**Task instructions:** A word-for-word copy of the data is what's wanted, with no pictures.

**Provided material:**
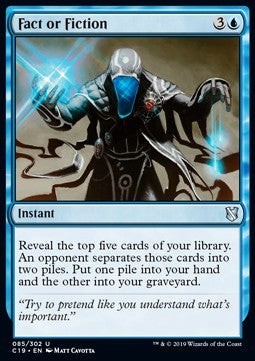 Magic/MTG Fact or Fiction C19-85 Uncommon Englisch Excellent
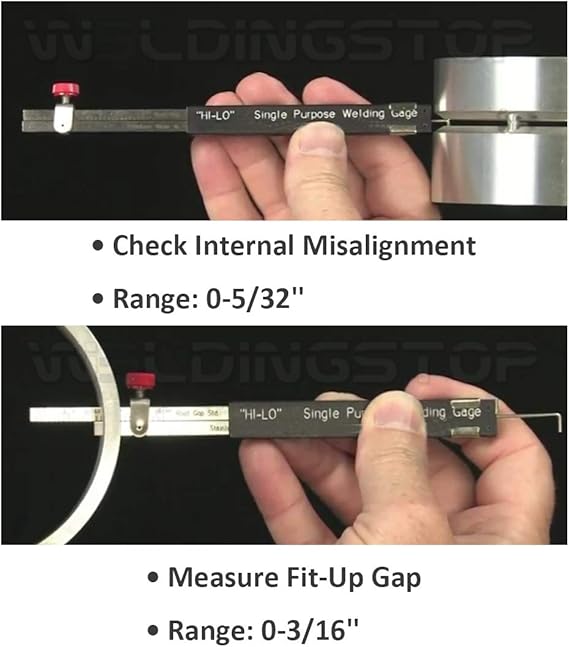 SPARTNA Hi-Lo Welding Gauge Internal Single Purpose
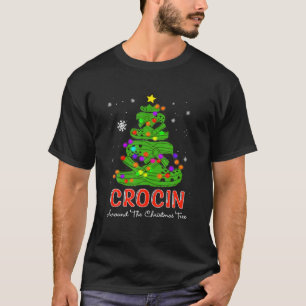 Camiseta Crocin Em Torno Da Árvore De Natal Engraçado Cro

**Written answer:**
 Magic/MTG Fact or Fiction C19-85 Uncommon Englisch Excellent
 SPARTNA Hi-Lo Welding Gauge Internal Single Purpose
 Camiseta Crocin Em Torno Da Árvore De Natal Engraçado Cro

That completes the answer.